Experience Design Consultant Laura Keller has an interesting column over on uxmatters. Drawing a comparison between the medical field and user experience design, Keller walks through an argument similar to those I’ve heard relevant to education in recent years.
In the ed sector, the argument is more about an approach to patient care as it could influence teacher practice. If, like doctors, teachers were to build a profile of practice that relies on a set of symptoms (indicators of learning), they would be able to design a treatment (teaching) that leads to improved health (learning). Such is the usual comparison of teaching and medical practice.
This, however, isn’t the overlap Keller is seeking to establish between experience design and medicine. Instead, she asks readers to play along with the following thought experiment:
Doctors and staff come in to see you and go out. They’re polite, but answer your questions curtly, and you don’t know exactly what’s going on. You wonder, What is wrong with me? What are they testing for? Will I be okay? When will I go home? When they discharge you and you’re ready to leave, the staff finally give you your diagnosis, along with written instructions explaining what you need to do.

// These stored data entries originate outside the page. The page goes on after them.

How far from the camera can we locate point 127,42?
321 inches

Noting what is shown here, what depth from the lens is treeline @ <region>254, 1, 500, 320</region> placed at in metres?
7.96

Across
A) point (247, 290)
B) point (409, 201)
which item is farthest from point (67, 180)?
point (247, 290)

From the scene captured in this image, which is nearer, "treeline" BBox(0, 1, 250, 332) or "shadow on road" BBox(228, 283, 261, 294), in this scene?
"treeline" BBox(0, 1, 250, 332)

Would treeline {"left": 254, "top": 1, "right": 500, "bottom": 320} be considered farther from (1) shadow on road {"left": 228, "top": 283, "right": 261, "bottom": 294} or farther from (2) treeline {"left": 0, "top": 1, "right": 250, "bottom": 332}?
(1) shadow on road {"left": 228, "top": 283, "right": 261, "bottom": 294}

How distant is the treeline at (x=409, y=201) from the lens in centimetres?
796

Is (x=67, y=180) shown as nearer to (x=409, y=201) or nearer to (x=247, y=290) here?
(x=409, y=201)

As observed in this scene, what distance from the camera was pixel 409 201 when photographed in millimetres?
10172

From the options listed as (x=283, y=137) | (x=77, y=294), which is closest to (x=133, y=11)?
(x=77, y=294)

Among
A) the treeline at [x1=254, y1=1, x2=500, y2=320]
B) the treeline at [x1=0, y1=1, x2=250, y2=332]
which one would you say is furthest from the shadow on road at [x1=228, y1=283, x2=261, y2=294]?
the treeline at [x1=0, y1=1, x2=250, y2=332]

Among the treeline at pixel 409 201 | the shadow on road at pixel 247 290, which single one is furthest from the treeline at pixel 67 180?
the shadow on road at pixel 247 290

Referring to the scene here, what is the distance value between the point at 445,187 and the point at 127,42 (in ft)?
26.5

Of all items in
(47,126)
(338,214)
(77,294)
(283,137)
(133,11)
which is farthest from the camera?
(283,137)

As the hospital staff proceed to treat other patients, they leave you to figure it out on your own, and you head home.
Keller, points out that this would (or at least should) be an inappropriate exchange that perhaps solves the problem in the short term, but opens the foor to a repeat development and does nothing to empower patients to own their own health and wellness.
She points to three possible approaches to improving client and consultant relationships:
- Client as team member
- Client as student
- Client as colleague
Ironically, Keller wraps her argument in a need for greater education of both patients and clients in working toward the improvement of these relationships.

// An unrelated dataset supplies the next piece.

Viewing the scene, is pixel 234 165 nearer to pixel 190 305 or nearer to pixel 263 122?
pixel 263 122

When we do school we think about teaching and learning, but we rarely think of educating our students as to what we are doing, why we are making the choices we are making, or helping them to learn to make choices on their own.
If anything, we will talk about data or explain our actions as preparing students for the next grade or school level or the more-distant-still work world.
While it might seem these reasons, this well-leveraged use of data, align with Keller’s suggested approaches, they do not.
Educating students in my English classroom toward building relations as team members, students, or colleagues meant walking through the choices I was making and hoping to help them make as readers, writers, speakers, and listeners.
It meant working with them as students of communication, letters, stories, and understanding. It did not mean working with them as students of studenthood. Saying things like, “You’re going to need this next year,” or having “data chats” with kids eliminates any last vestiges of the real world lingering in neo-modern classrooms.
I approach teaching English as a writer, reader, and thinker. While it took several years to choke back the teacher voice I thought I was supposed to have, I was eventually able to respond to students as a fellow writer, and talk to them about books as a fellow reader. When we discussed current events or the big ideas of life, it was as fellow travelers on the path to thinking more deeply.
While all of this is wrapped within my experience within a given discipline, it was also how I saw my colleagues in science, history, etc. approaching their practice as well.
There is overlap between education and the medical field. While a portion of it may lie within the role of diagnostician, the bigger, more exciting, more important portion lies in helping to be curious explainers of the world in which we live and through which we move.